April 3, 2008
All companies fall into line along an axis where at one extreme clear strategy is developed and at the other end no semblance of strategy can be found. The first reaction is usually that it’s better to be at the end with a clear strategy. Makes sense right? Get all your brightest people together and thrash out that differentiating, revenue winning, cost effective, visionary, IP-rich all-in-all-damn-good-strategy.
I’m pretty sure this isn’t the whole answer. There must be organisations everywhere doing this – boardrooms stuffed with execs ’strategising’. So what is more important than the strategy? You know the answer - The Strategy is worth nothing but hot air unless it can be executed. And who executes the strategy? The organisation. Every single person. If every person within that organisation doesn’t have a explicit link to the company strategy, then you don’t have control. Consider this: you have this company with six departments. Each department has a head and a bunch of staff – imagine a road-cone. It should be just like a real cone – you pick it up by the top and the rest of it comes up as well in unison. You move it across 1m and cunningly, the whole cone moves. An executive team are those that set the strategy and should be able to pick up all six departmental cones with ease and move them in the direction of The Strategy. The reason moving these cones about is easy has nothing to do with the strategy, but all to do with the fact that from the top down, each department is explicitly linked to whatever the strategic line is. Each head of department has a grasp on their people such that when the company strategy shifts, the entire department can shift with it, just like the cone.
So what holds the department together – what is the glue? Basically it’s the roles, responsibilities and objectives you give people. But that’s nothing new. Everyone does that. The trick to achieving the cone is, again, obvious: the role, responsibility and objective of that department must first be defined at the topmost level, before breaking into more detailed chunks and cascaded downwards through the ranks until every person in that department has their little piece to focus on.
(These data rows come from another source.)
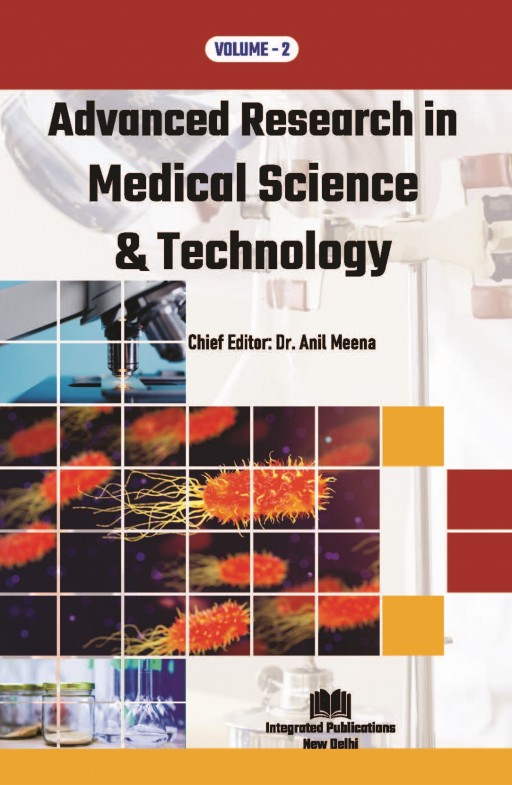 Advanced Research in Medical Science and Technology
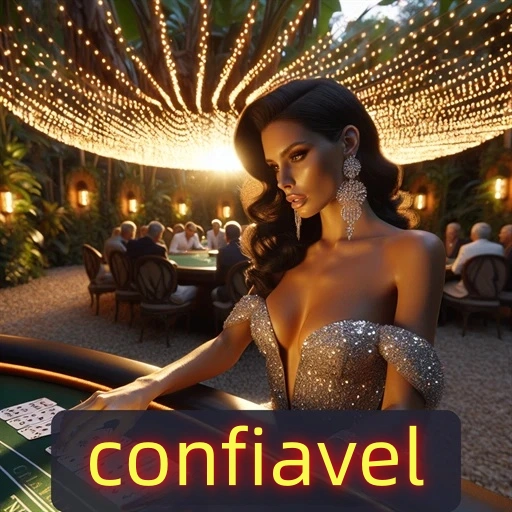 m9 Plataforma Confiável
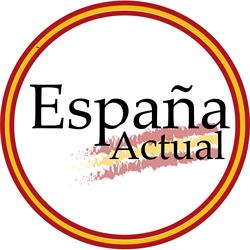 Horario de apertura España Actual, Madrid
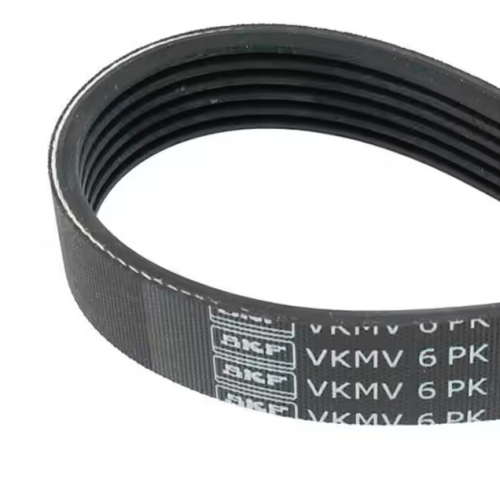 SKF Multi-V V-Ribbed Belt Kia Mazda Mini Peugeot Seat VKMV6PK976 - VKMV6PK976Image1.png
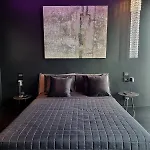 Skyline Solaria 3* Milão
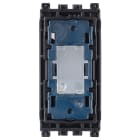 VIMAR SPA - VIW19100.0 MECCANISMO INTERRUTTORE 1P 10AX ASSIALE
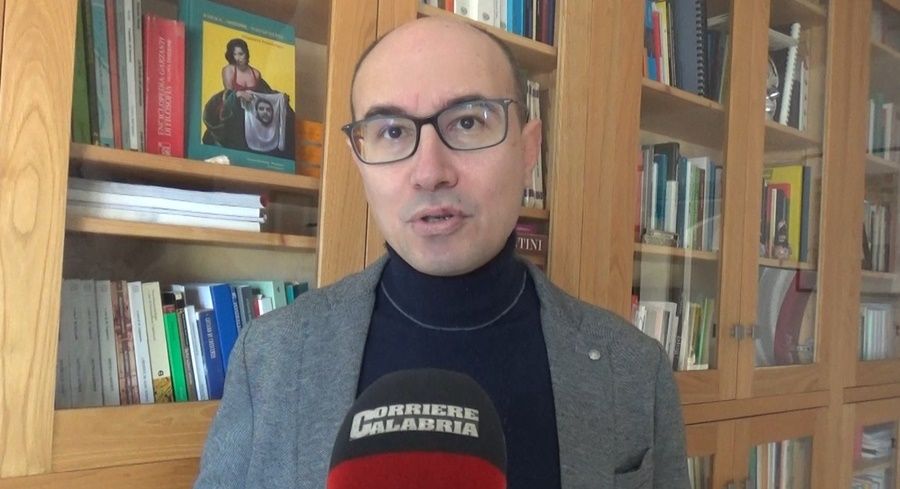 La «triplice crisi» del Pd e il sostegno a Bonaccini. Tursi: «Rilanciamo la tradizione dem»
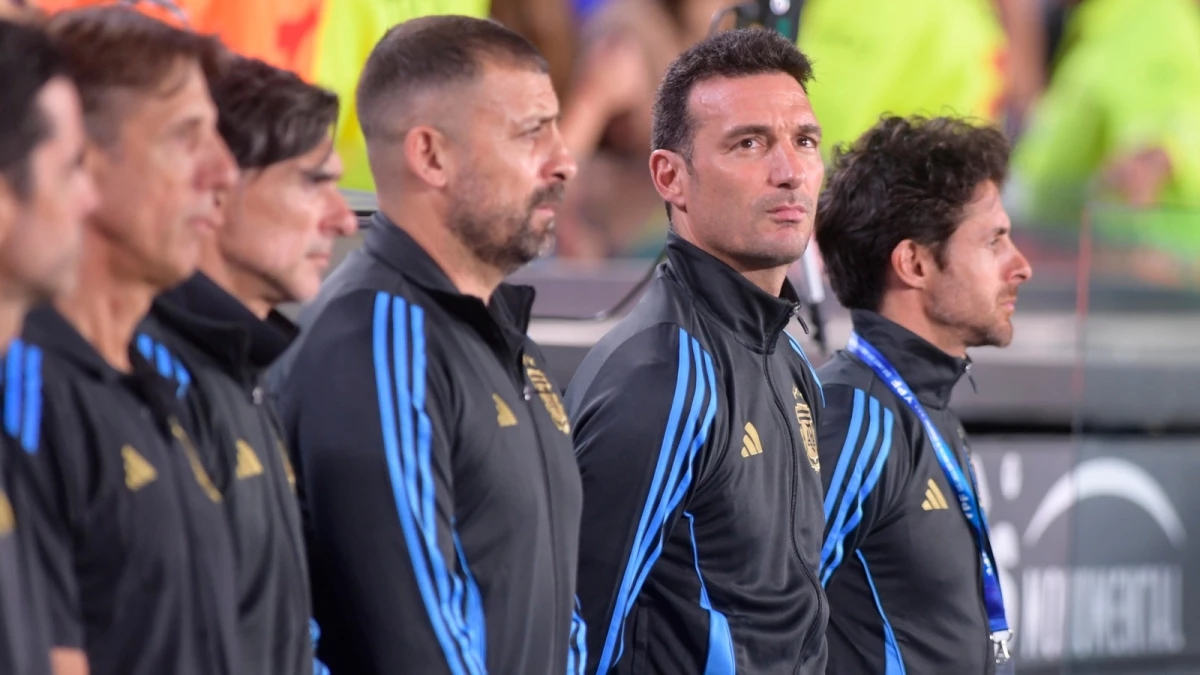 Foto: Julián Álvarez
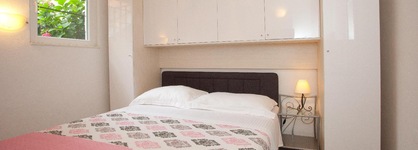 Apartment Alma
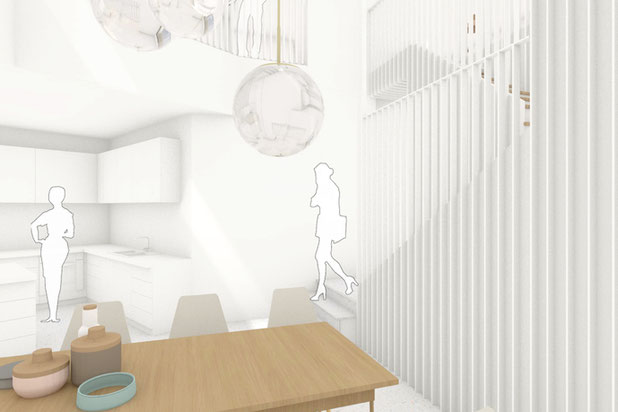 FGAUDIN-BOULOGNE-LOGEMENT-INDIVIDUEL-PROJETS-EXTENSION-D'UNE-MAISON-agrandissement_extension-maison-Boulogne-Billancourt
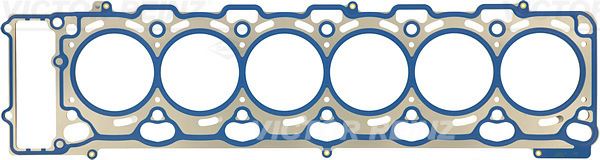 VICTOR REINZ 61-34080-10 Motor Silindir Kafa Contası - BMW 7 (E65, E66, E67) uyumlu
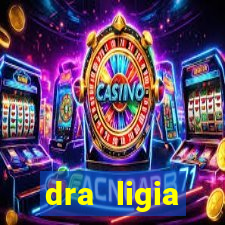 dra ligia veterinaria vila nova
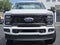 2026 Ford F250 SUPER DUTY XL STX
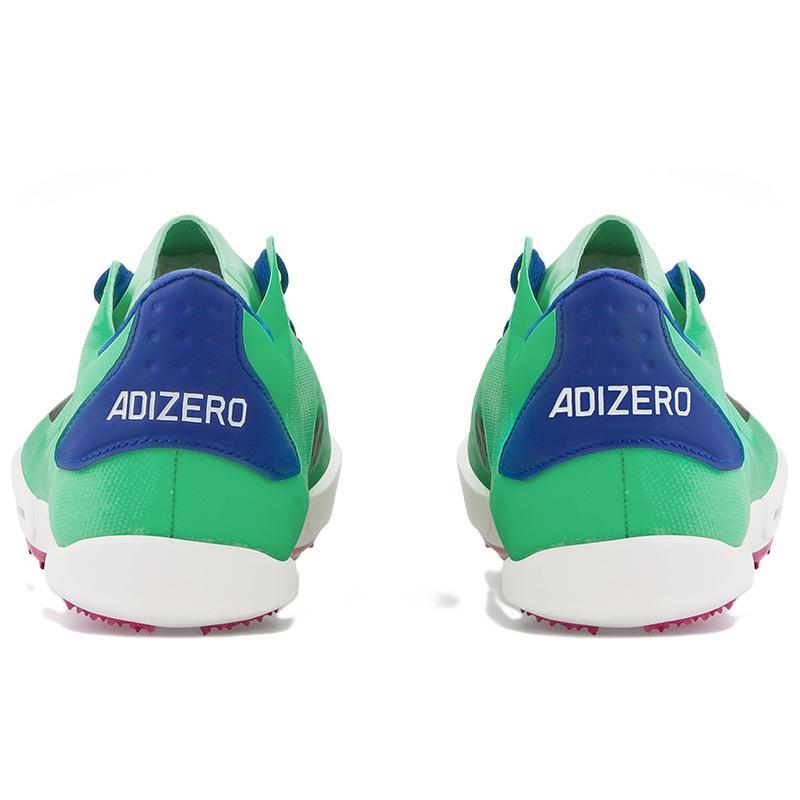 New Adidas Adizero Ambition Pulse Mint GV9068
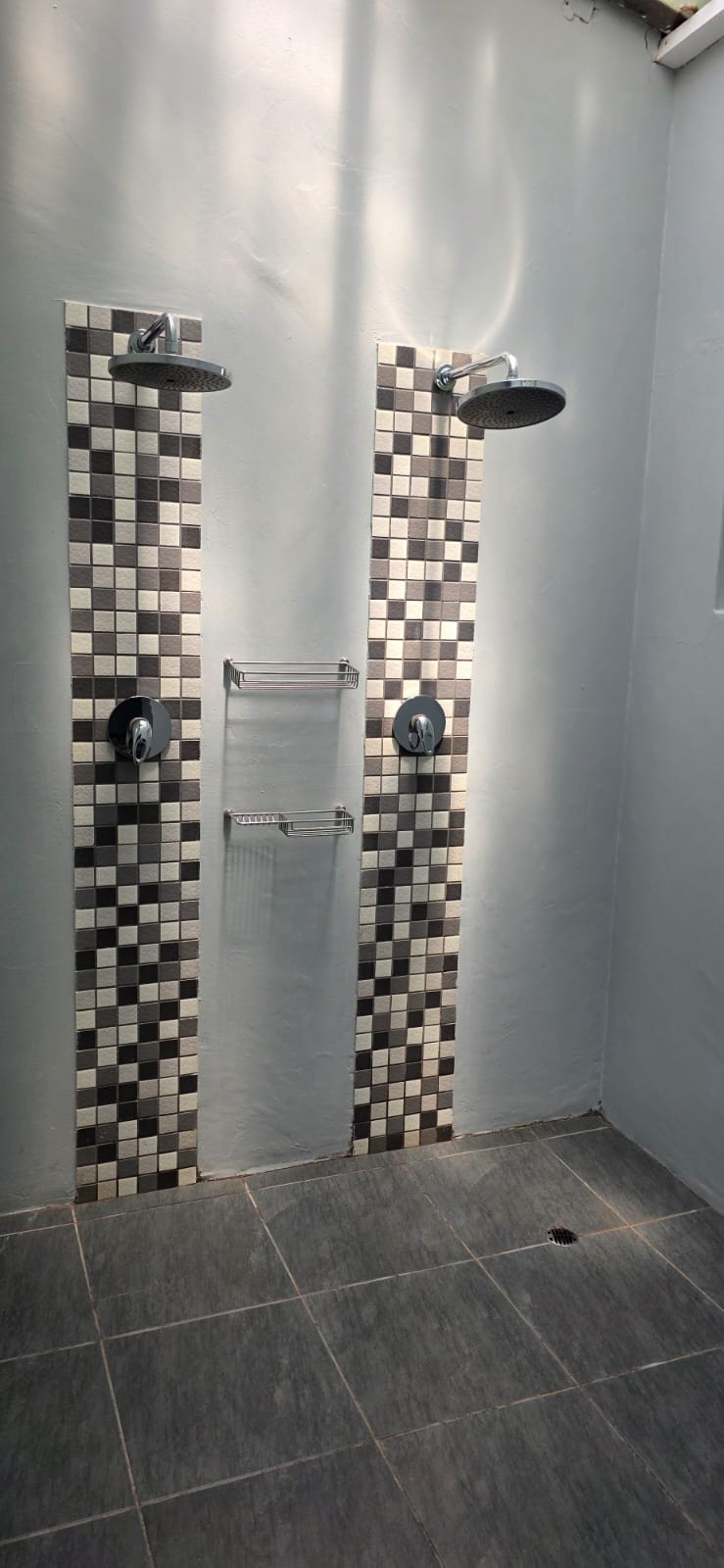 3 Bedroom Property for Sale in Lochvaal Gauteng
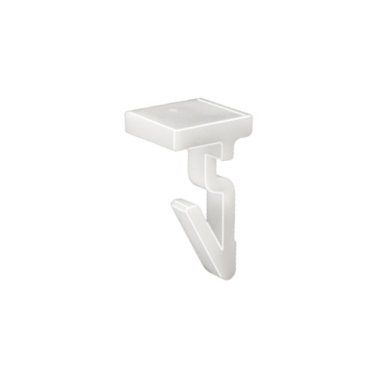 Moulding Clip    (15 per pack)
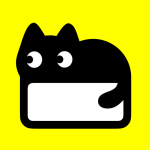 猫箱app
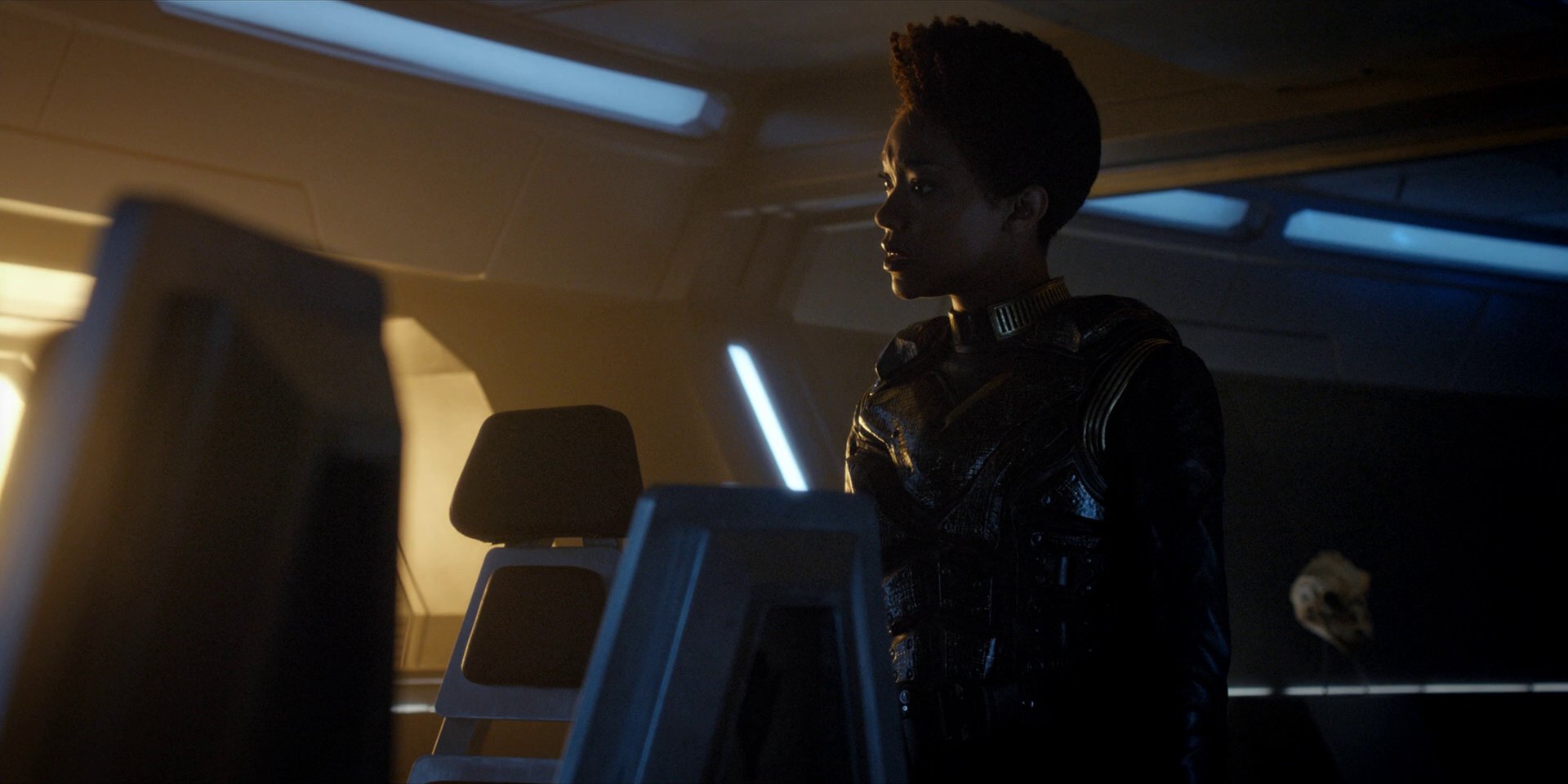 extant_StarTrekDiscovery_1x11-TheWolfInside_5000.jpg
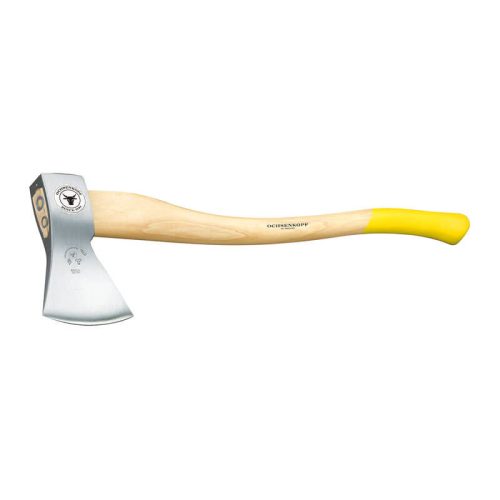 Ochsenkopf OX 20 H Forstaxt 1250g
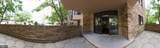 5904 Mount Eagle Drive - Photo 43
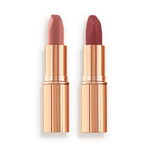 PILLOW TALK LIPSTICK DUO MAGICAL SAVINGS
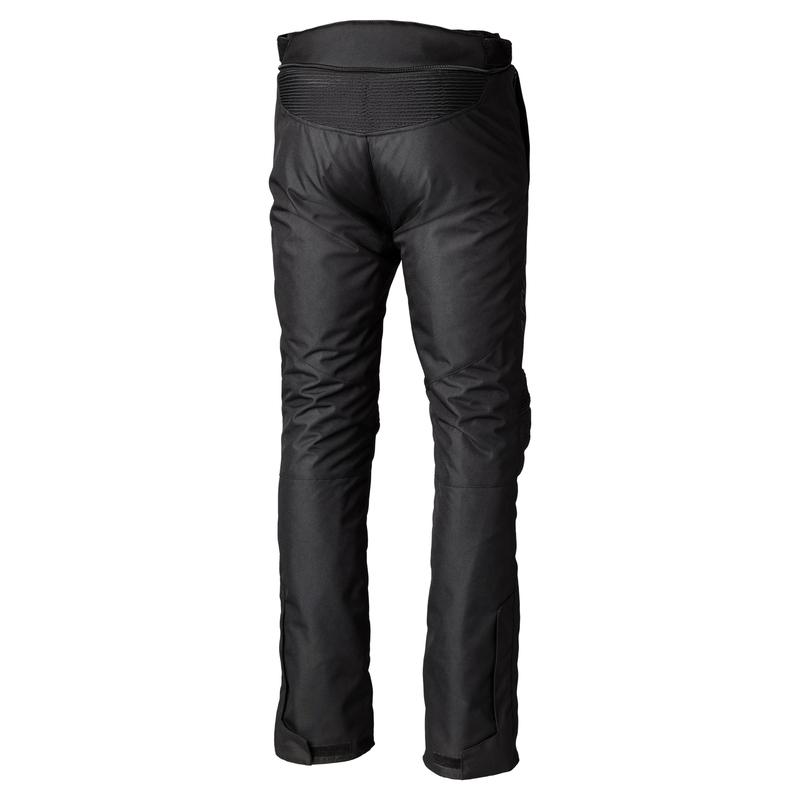 product/r/s/rst_8008752001_noir-noir_2.jpg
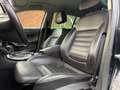 Opel Insignia Sports Tourer 2.8 T Sport 4x4-20"-LEER-NAVI-STOELV Noir - thumbnail 26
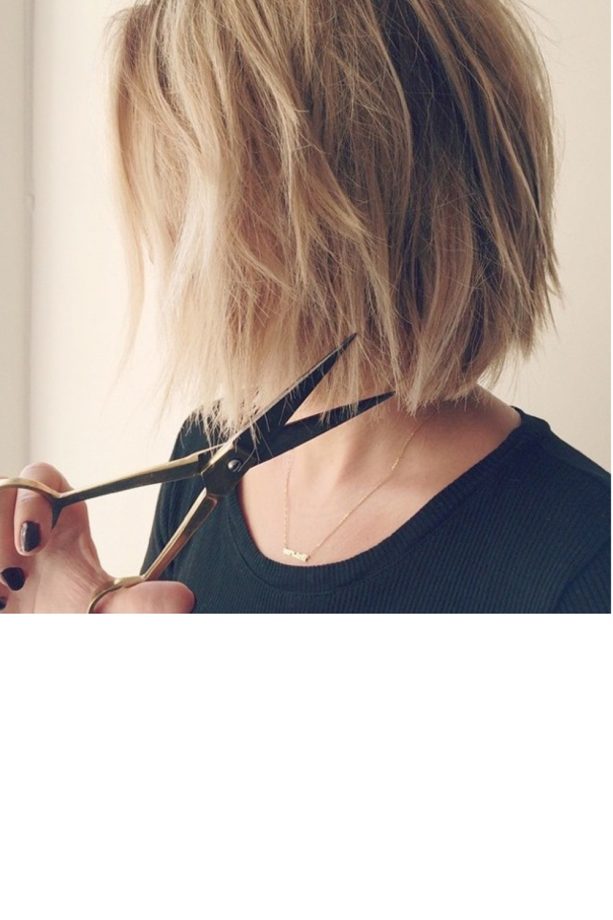 Best Bob Hairstyles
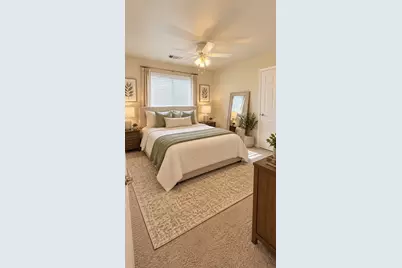 1619 Bonnie Lea Lane, Fresno, TX 77545 - Photo 23
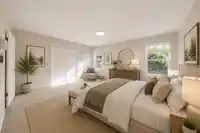 14816 20A AVENUE - thumbnail 22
This nugget of strategy holds great importance – it demonstrates clearly to the employee what their role is in the company, which particular strand of strategy they are contributing to and a ‘thing’ by which to measure their performance. If that person performs and meets their objectives (of course the company does everything it can to incentivise them to do so), then that is one small step on the way to executing the overall strategy in a controlled and predictable manner. In this model every manager in the department has objectives that are the sum of their subordinates’ objectives - all the way to the top, giving rise to this inexorable pressure pushing upwards to ensure that all objectives are fulfilled and hence, doing it’s job in executing strategy.
All companies would do well to be responsive and reactive to shifts in their industry or new ideas such that the executive team can bring about change quickly and as painlessly as possible. This cascade method of distributing strategy is one way to achieve that. Tweak a bit of the strategy at the top, and let the changes cascade downwards. Focus automatically shifts, and the organisation understands what is going on. I’ve been working on a model like this, and time will tell whether it is successful or not, but as I recall from one Harvard Business Review paper I read once, it isn’t so much the strategy that matters, it is whether you can execute that strategy effectively. As soon as you can execute a strategy you have the tools to take any strategy and execute it – the glorious things about strategies is that you can dream them up in one afternoon – getting it done is an entirely different thing, and on another scale of difficulty entirely.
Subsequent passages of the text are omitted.